=== YOUR TASK ===
Please reproduce the data exactly, excluding any pictures it contains.

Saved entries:
○ ○ ○ ○ ○
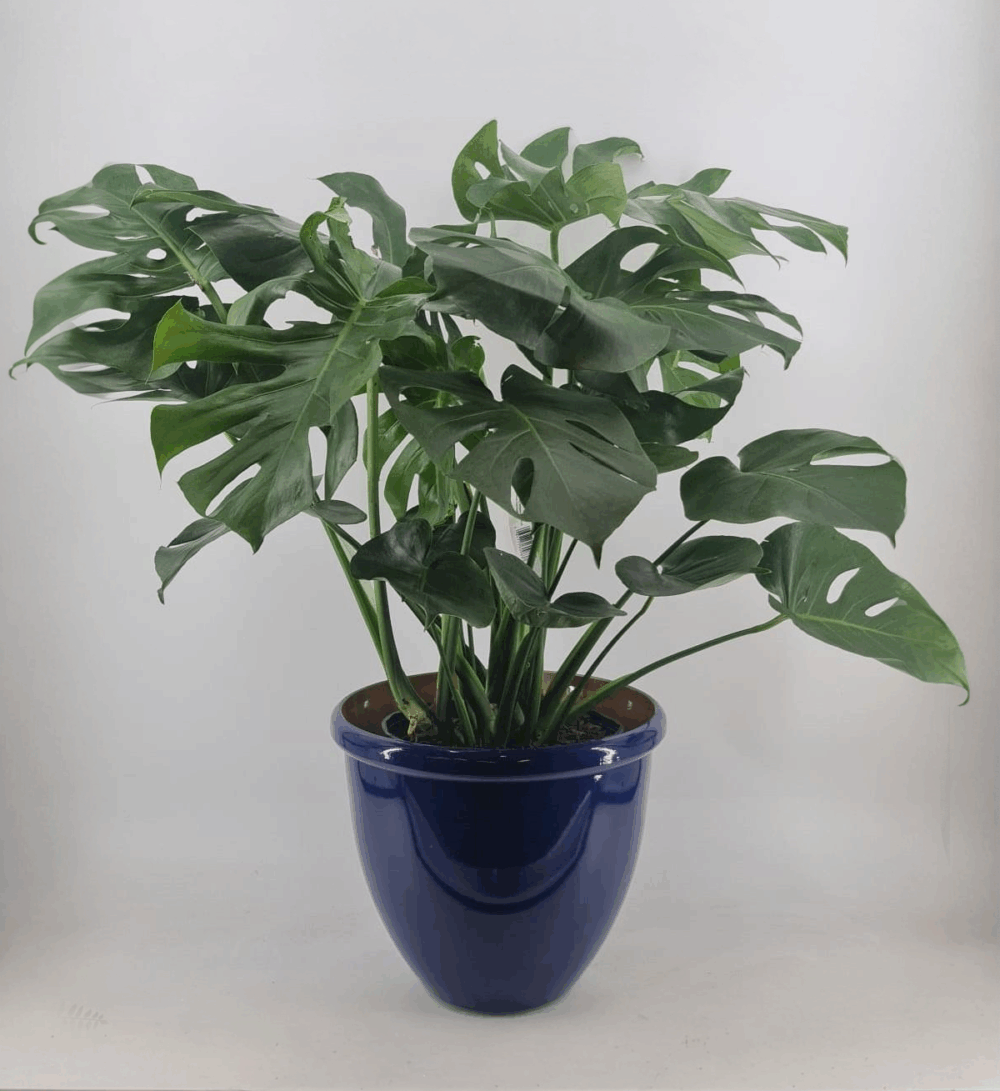 Monstera Marvel — Leafy Mischief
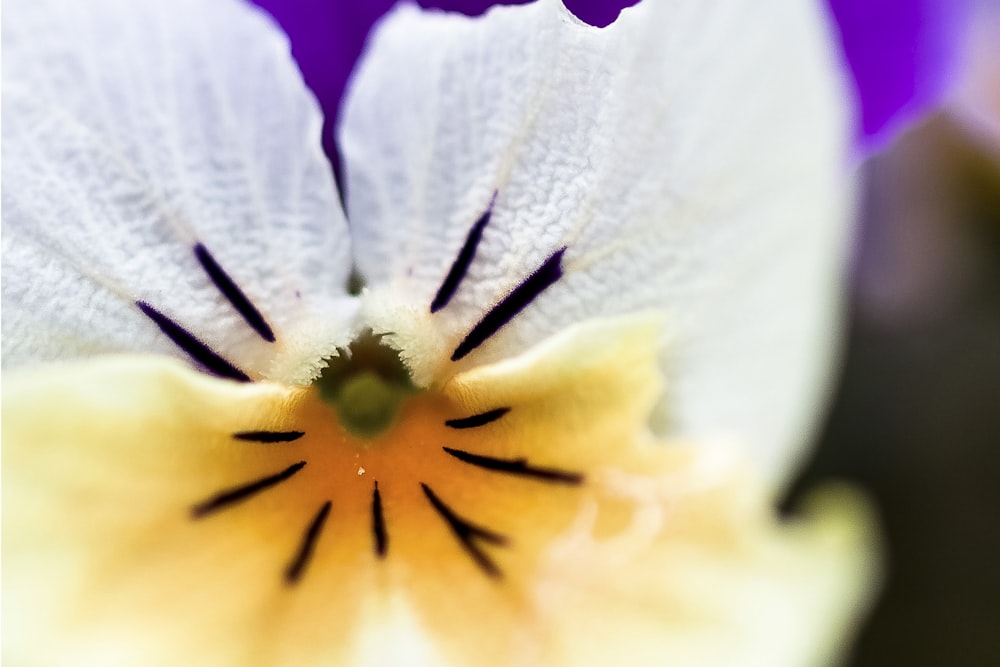 a close up of a white and yellow flower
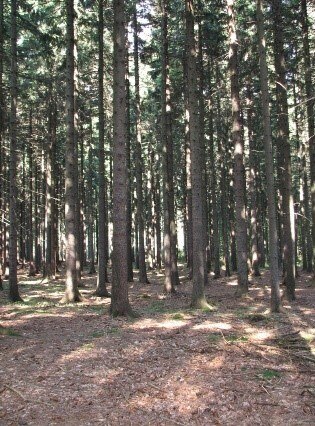 View to a Spruce stand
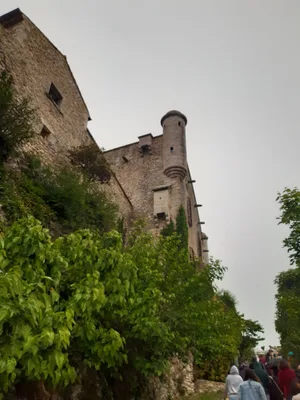 Château des Roure — photo 4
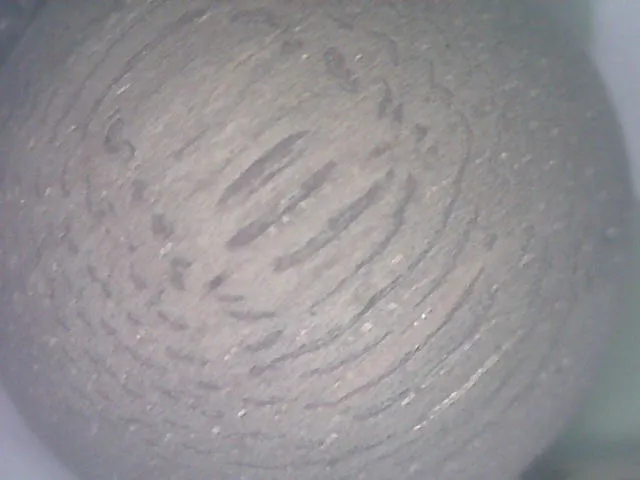 野生老沉香顯微組織照片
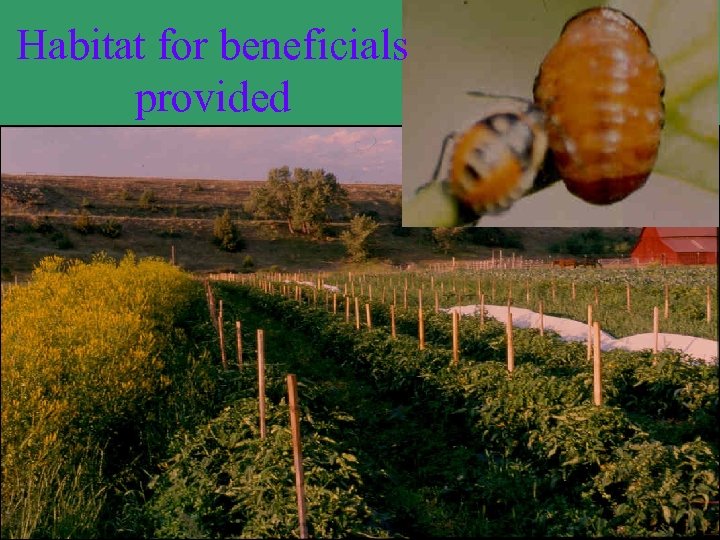 Habitat for beneficials provided 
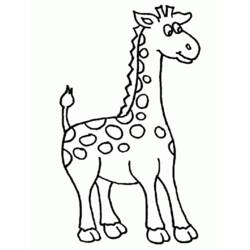 Раскраска: жираф (Животные) #7232 - Раскраски для печати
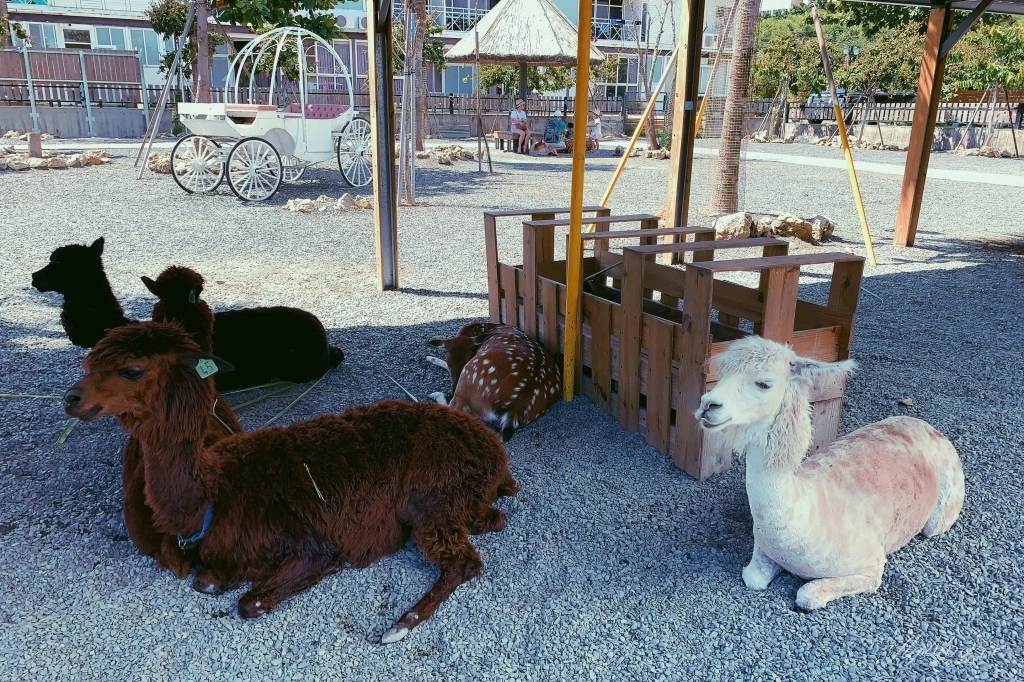 墾草趣親子園區｜近距離餵食梅花鹿、草泥馬和小兔兔 @飛天璇的口袋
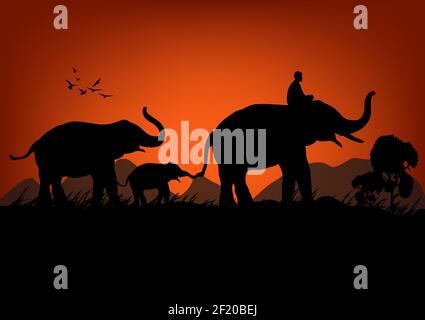 Immagine di silhouette elefante nero con elefante mahout che cammina al foresta con montagna e tramonto sfondo luce vettoriale sera Illustrazione Illustrazione Vettoriale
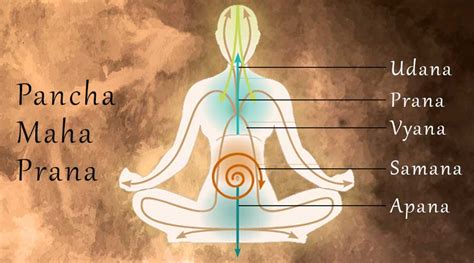 How Prana Works Monad Yoga Online Online Yoga Classes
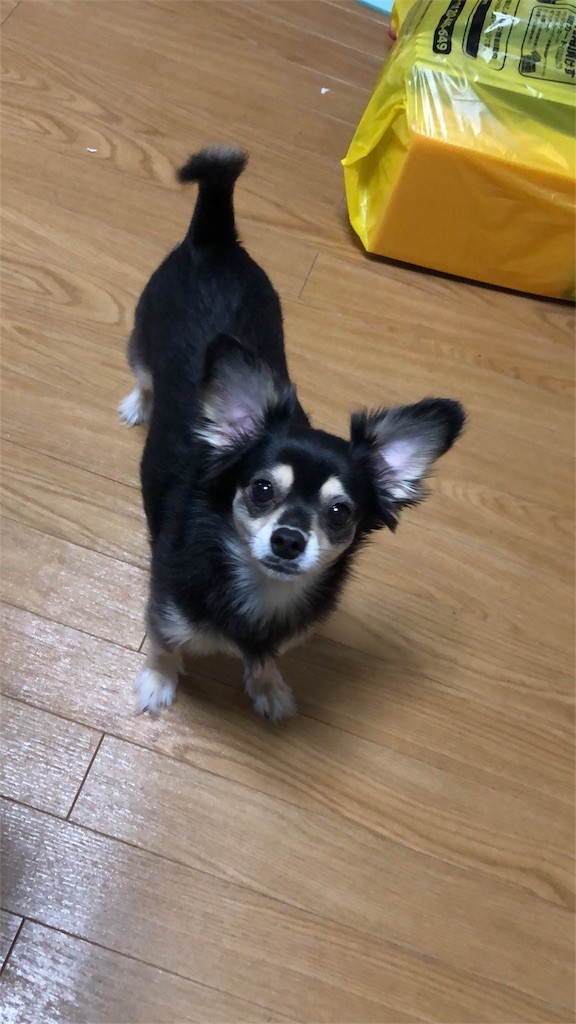f:id:akie1000:20180921004043j:image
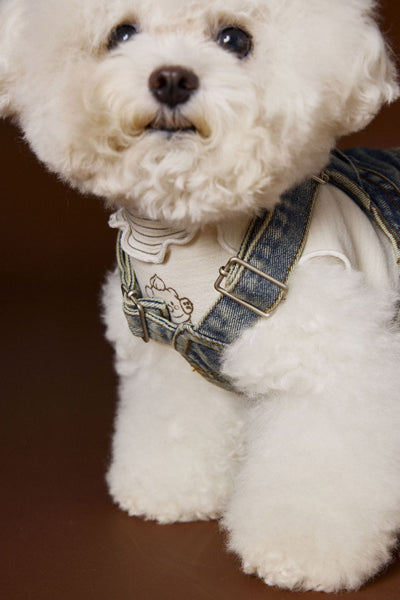 Falda Denim Tipo Peto sin Mangas para Perros Pequeños y Medianos - Image 8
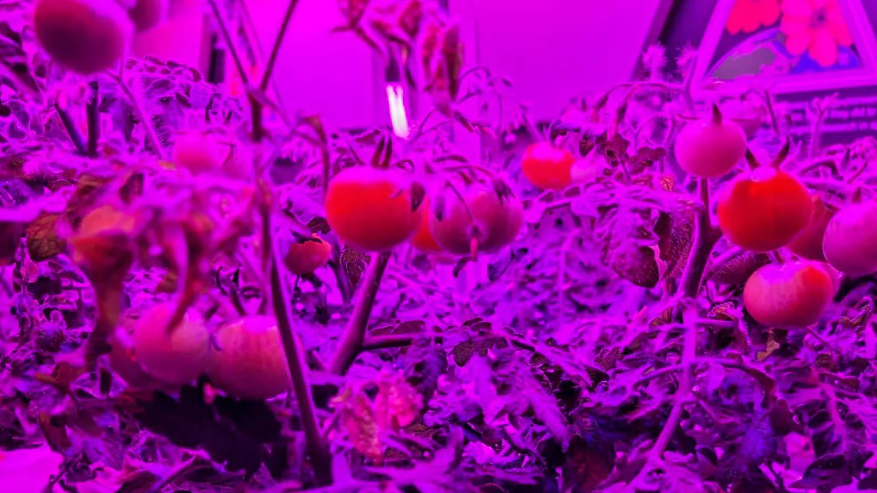 NASA 將蔬菜生產系統（Veggie）送到國際太空站，並成功種植出矮紅羅賓番茄（Red Robin dwarf tomato）。   圖 : 翻攝自NASA官網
○ ○ ○ ○ ○
=== EXPECTED ANSWER ===
 Monstera Marvel — Leafy Mischief
 a close up of a white and yellow flower
 View to a Spruce stand
 Château des Roure — photo 4
 野生老沉香顯微組織照片
 Habitat for beneficials provided 
 Раскраска: жираф (Животные) #7232 - Раскраски для печати
 墾草趣親子園區｜近距離餵食梅花鹿、草泥馬和小兔兔 @飛天璇的口袋
 Immagine di silhouette elefante nero con elefante mahout che cammina al foresta con montagna e tramonto sfondo luce vettoriale sera Illustrazione Illustrazione Vettoriale
 How Prana Works Monad Yoga Online Online Yoga Classes
f:id:akie1000:20180921004043j:image
 Falda Denim Tipo Peto sin Mangas para Perros Pequeños y Medianos - Image 8
 NASA 將蔬菜生產系統（Veggie）送到國際太空站，並成功種植出矮紅羅賓番茄（Red Robin dwarf tomato）。   圖 : 翻攝自NASA官網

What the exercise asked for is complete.